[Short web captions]
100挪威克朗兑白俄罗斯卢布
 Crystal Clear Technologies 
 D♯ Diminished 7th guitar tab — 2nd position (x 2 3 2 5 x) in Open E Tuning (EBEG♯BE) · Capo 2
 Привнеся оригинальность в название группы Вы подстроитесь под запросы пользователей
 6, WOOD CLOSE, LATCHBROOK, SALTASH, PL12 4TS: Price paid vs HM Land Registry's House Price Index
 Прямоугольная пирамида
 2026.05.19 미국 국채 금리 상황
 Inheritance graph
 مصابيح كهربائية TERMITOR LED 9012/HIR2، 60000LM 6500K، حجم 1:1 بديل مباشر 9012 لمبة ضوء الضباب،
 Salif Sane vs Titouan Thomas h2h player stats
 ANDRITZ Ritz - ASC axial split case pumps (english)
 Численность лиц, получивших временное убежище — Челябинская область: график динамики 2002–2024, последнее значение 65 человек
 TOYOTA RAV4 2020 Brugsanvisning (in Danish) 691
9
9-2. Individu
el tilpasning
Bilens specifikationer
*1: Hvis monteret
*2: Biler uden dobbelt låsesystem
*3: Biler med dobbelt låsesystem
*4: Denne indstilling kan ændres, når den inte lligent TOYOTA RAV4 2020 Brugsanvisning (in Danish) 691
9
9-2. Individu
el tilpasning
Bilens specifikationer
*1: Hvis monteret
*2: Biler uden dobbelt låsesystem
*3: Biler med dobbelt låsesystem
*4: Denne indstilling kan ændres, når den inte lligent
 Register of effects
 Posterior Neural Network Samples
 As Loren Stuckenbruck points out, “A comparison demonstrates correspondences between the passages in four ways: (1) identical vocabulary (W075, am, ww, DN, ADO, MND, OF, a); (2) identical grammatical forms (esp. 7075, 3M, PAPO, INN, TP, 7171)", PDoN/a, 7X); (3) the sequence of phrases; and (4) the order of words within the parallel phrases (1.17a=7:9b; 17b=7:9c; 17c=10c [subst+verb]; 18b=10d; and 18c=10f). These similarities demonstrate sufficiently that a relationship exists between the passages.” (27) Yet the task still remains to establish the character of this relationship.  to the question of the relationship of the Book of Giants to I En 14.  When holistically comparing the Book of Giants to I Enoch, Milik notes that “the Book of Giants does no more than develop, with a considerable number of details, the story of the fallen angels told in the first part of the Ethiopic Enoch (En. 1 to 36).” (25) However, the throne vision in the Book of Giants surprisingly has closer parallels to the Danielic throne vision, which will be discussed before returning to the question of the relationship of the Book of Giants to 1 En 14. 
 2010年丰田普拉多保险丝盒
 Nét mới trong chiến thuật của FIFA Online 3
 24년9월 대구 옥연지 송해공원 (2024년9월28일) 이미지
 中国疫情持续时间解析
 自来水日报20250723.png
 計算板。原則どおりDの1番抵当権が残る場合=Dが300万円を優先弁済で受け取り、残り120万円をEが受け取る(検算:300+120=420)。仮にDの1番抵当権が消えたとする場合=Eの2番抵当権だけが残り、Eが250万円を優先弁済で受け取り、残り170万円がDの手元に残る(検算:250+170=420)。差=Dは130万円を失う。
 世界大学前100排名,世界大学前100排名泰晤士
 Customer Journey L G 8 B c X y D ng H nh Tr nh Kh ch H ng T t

■ **Task statement**: Repeat only the lines above, from the first line of the entries through the line that contains "Posterior Neural Network Samples", including both ends.

■ **Expected output**:
100挪威克朗兑白俄罗斯卢布
 Crystal Clear Technologies 
 D♯ Diminished 7th guitar tab — 2nd position (x 2 3 2 5 x) in Open E Tuning (EBEG♯BE) · Capo 2
 Привнеся оригинальность в название группы Вы подстроитесь под запросы пользователей
 6, WOOD CLOSE, LATCHBROOK, SALTASH, PL12 4TS: Price paid vs HM Land Registry's House Price Index
 Прямоугольная пирамида
 2026.05.19 미국 국채 금리 상황
 Inheritance graph
 مصابيح كهربائية TERMITOR LED 9012/HIR2، 60000LM 6500K، حجم 1:1 بديل مباشر 9012 لمبة ضوء الضباب،
 Salif Sane vs Titouan Thomas h2h player stats
 ANDRITZ Ritz - ASC axial split case pumps (english)
 Численность лиц, получивших временное убежище — Челябинская область: график динамики 2002–2024, последнее значение 65 человек
 TOYOTA RAV4 2020 Brugsanvisning (in Danish) 691
9
9-2. Individu
el tilpasning
Bilens specifikationer
*1: Hvis monteret
*2: Biler uden dobbelt låsesystem
*3: Biler med dobbelt låsesystem
*4: Denne indstilling kan ændres, når den inte lligent TOYOTA RAV4 2020 Brugsanvisning (in Danish) 691
9
9-2. Individu
el tilpasning
Bilens specifikationer
*1: Hvis monteret
*2: Biler uden dobbelt låsesystem
*3: Biler med dobbelt låsesystem
*4: Denne indstilling kan ændres, når den inte lligent
 Register of effects
 Posterior Neural Network Samples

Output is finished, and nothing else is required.